Dont know what to call it, but the theme would b to teach folk with very small income how they can feed their families healthier.

Our local councils have a half arsed scheme that really doesnt work, but a televised programme the didnt patronise and caught the attention would be a great idea i think


----------



## headless chicken (Apr 28, 2003)

As much as I hate reality TV shows, I'd like to see a show that tells the truth about kitchen life. I'm thinking a short series that follows everyone so in 1 episode, you see the chef from home life, getting to work, dealing with work and all the real stresses, clock out time, then post work. Next episode would follow maybe the matradee (sp?), line cook, dishwasher, patissier, etc. Basically something to show people who are considering a career change into this industry to give them a real perspective on what we all go through on a day to day basis. 

I'm not thinking a glamerous cooking show like Barefoot Contessa or a griddy ****'s Kitchen but something in between. Real, enticing to those who are interested, and shocking to those who don't know.


----------



## pete (Oct 7, 2001)

Years ago I wanted to become the first "cartoon" chef and do a cartoon cooking show that actually taught cooking and gave real recipes while still keeping the cartoon mentality. Then a number of years ago I came across "Tako" on the internet and was disappointed by what I saw. 

Also while I lived in Atlanta, a friend and I came up with a couple of episodes for a food show we wanted to do. Of course, these were created over a number of beers. The show was going to teach real techniques and recipes with a comedic twist, kind of like Alton Brown, but this was before he was on. One episode had me chasing ducks in one of the city parks' lakes then cutting to an episode on how to prepare duck. Another episode saw me being chased out of the city's botanical gardens for trying to harvest herbs in the formal herb garden for the show on cooking with herbs. The whole idea was to create a fun, light hearted show, different, at the time than the standard forumla that all cooking shows followed. Again, this was before Alton ever appeared on TV.


----------



## allanmcpherson (Apr 5, 2007)

Years ago I tried to make it as a writer. This lead me to going to many open mic nights and poetry readings. Eventually I started my own reading series. After a short time I found the earnestness of the whole thing tiring. So, one day I showed up at the bar where we did these readings with a couple of hot plates, cutting boards and so on. I converted the stage to a quick and dirty studio kitchen and demoed some sort of kitsch Trader Vic's style sweet and sour fish with pineapple. Flambéed the darn thing too. This was all going on while very serious first year university types were reading their poetry or excepts of their great unfinished "novels."

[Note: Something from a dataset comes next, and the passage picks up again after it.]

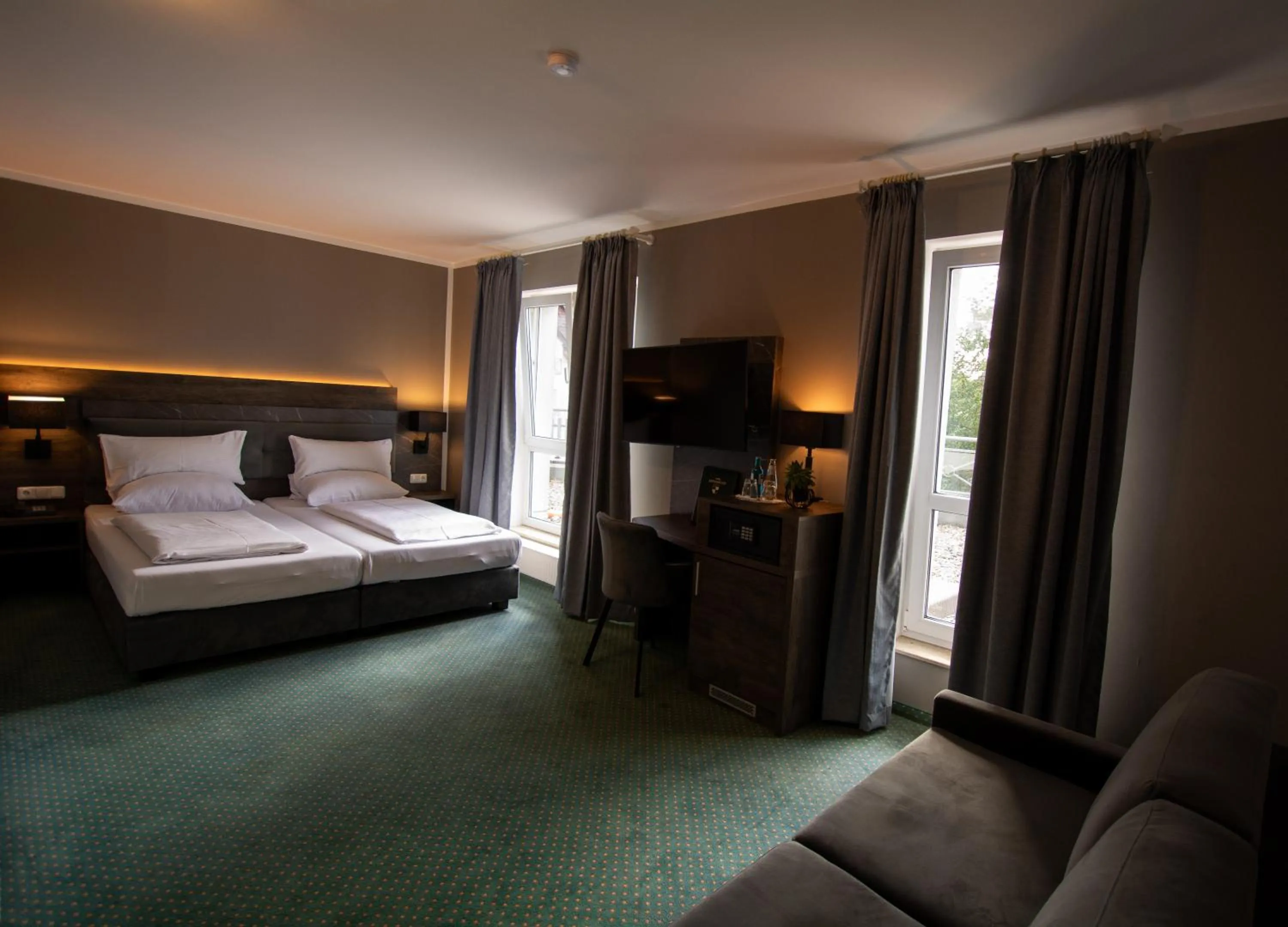 Property building, Bed in Hotel Barnimer Hof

After that the cooking on stage thing became fairly regular. Once I did a bread making demo and proofed it on my face (note: NOT GOOD for hygene). This sort of stuff eventually lead to the poetry reading become more like a live variety show (we had a house band, even a house artist who painted a mural during the show). Sort of like Mike Douglas for ersatz bohemian hippster types. 

--Al


----------



## ishbel (Jan 5, 2007)

There is a Cypriot-British cook called Tonia Buxton who did a couple of series a few years back called My Greek Kitchen. She visited various islands and areas of mainland Greece and cooked local food in the local manner - and the scenery was amazing, as was her food! I think I saw the series on a cable channel - but here's a little bit about her from Wiki
Tonia Buxton - Wikipedia, the free encyclopedia


----------



## ishbel (Jan 5, 2007)

Great idea - I'm looking forward to Jamie Oliver's new series which appears to be going to do just that. I think it starts next week on C4.


----------



## koukouvagia (Apr 3, 2008)

We're not lucky enough here to receive much of Jamie.


----------



## ishbel (Jan 5, 2007)

That's a pity - he's one of my favourite cooks.
His new show is going to be called Ministry of Food
Now Jamie Oliver wants Britain on a wartime diet | Life and style | The Guardian


----------



## 404chef (Jul 9, 2008)

coincidentally i've actually pondered this idea. "SEXY CHEFS" reality show LOL women chefs have a reputation of not quite being very feminine, pretty or sexy and they sometimes get such a bad rap. it would consist of a bunch of "hot" sexy chicks with big boobs by happenstance. but they really have a SERIOUS passion for culinary arts. :bounce: seems shallow and/or superficial but oh well such as life

i also pondered the idea of military chefs in line with the brigaide system

a kids "chef" show would be kind of awesome as well, i've learned that there are some children out there very serious about culinary as well


----------



## mezzaluna (Aug 29, 2000)

I know there was a show with Tyler Florence called "Can't Boil Water", but I felt he pushed a bit too much restaurant-style cooking on novice cooks.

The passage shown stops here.